WHAT THE TASK ASKS. Beneath this line are entries. Copy the range from the line with "Strand cabana bedden" to the line with "Red notepad for", ends included, exactly; leave pictures out.

(Short web captions)

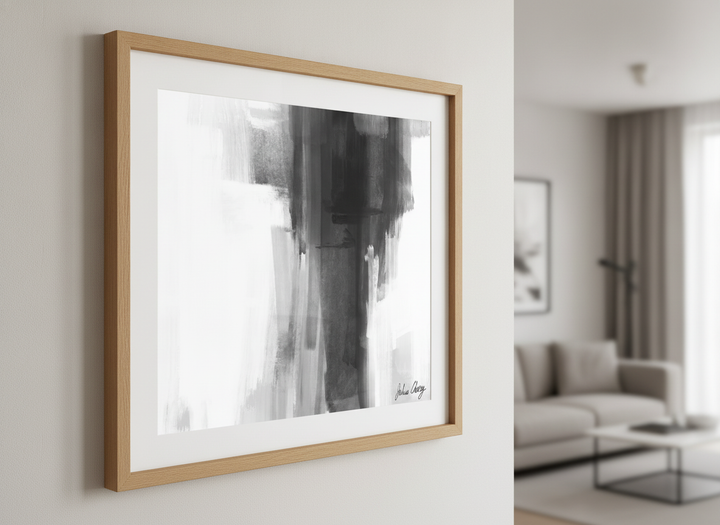 Modern wall art styled above a sofa in a neutral living room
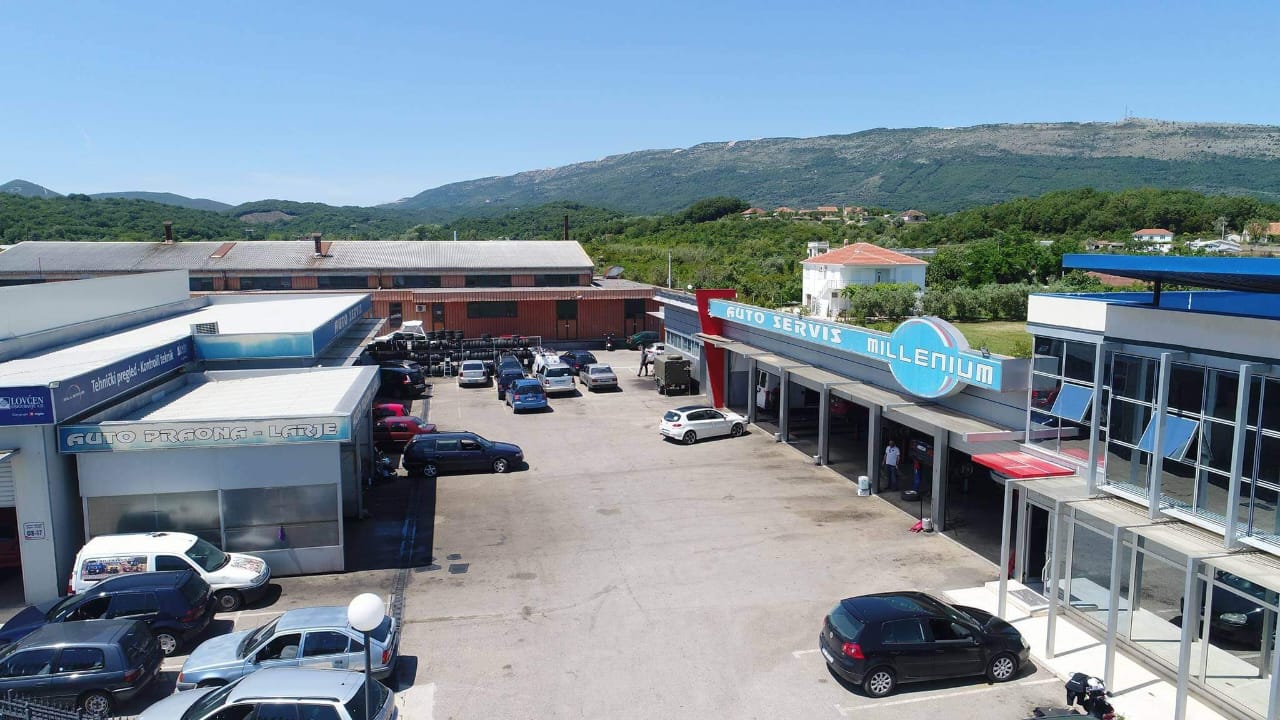 Prime commercial property in Ulcinj, Montenegro: spacious paved lot with auto shops, scenic hills&mdash;ideal investment at montenegro-listings.me.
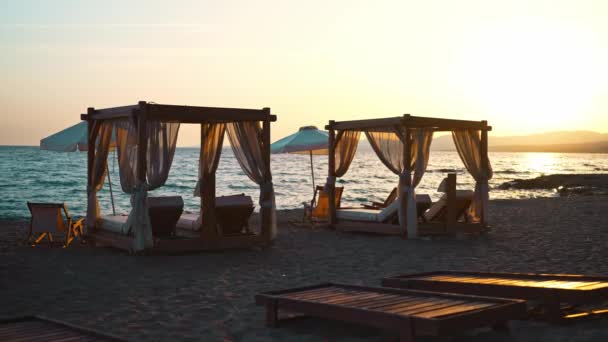 Strand cabana bedden en ligstoelen aan de kust bij zonsondergang. - Video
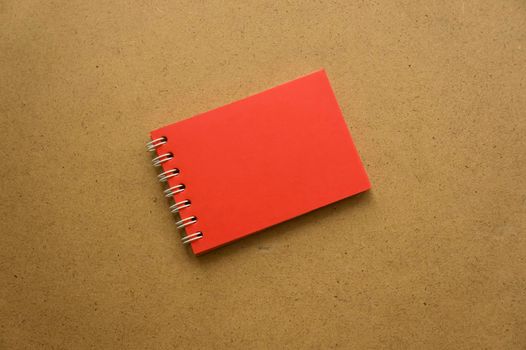 Red notepad for notes with red sheets. Blank space for notes. Mocap. On gray warm ochre kraft background. Holiday calendar notes on notepad. Background for inscriptions. Small notepad with a spring
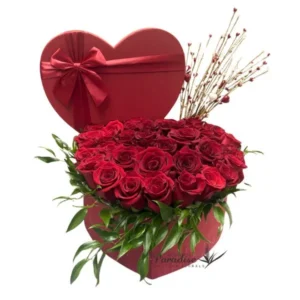Send your love love this Valentine's Day with this red rose heart arrangement!  It includes 3 dozen red roses, greenery, and avante garde heart branches arranged in a red heart box adorned with red ribbon.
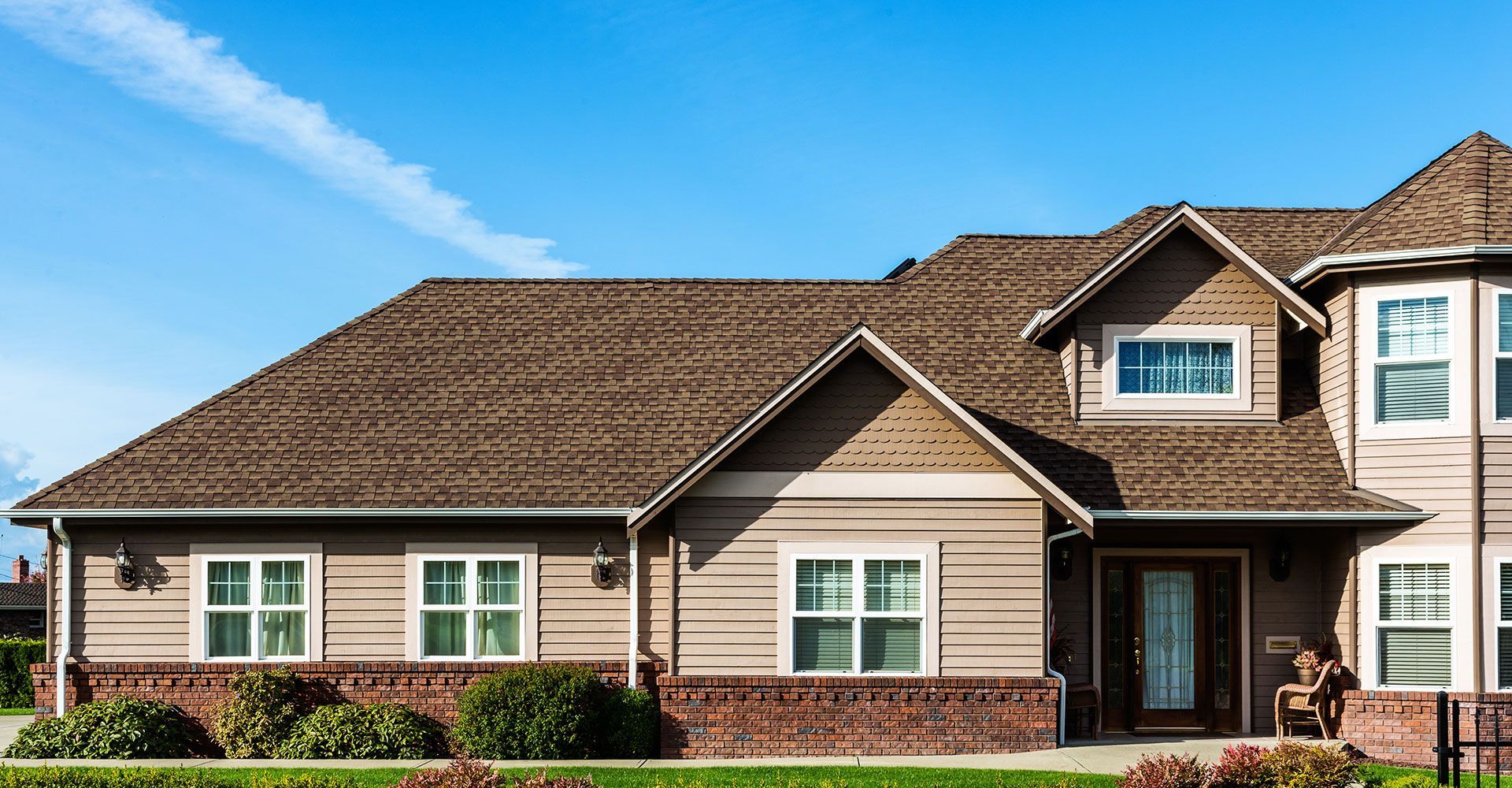 A large house with a brown roof and a lot of windows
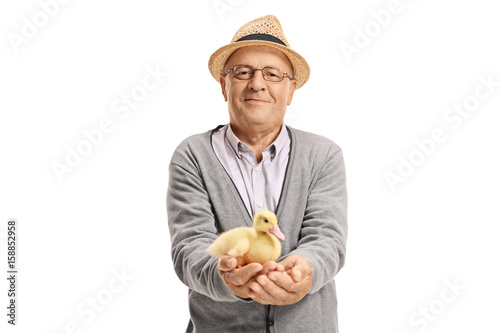 Elderly man with a small duckling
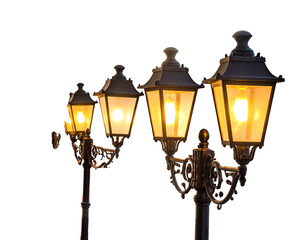 Four ornate street lamps with illuminated amber lights against a dark, empty background. The lamps diminish in size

THE COMPLETED TASK.
 Strand cabana bedden en ligstoelen aan de kust bij zonsondergang. - Video
 Red notepad for notes with red sheets. Blank space for notes. Mocap. On gray warm ochre kraft background. Holiday calendar notes on notepad. Background for inscriptions. Small notepad with a spring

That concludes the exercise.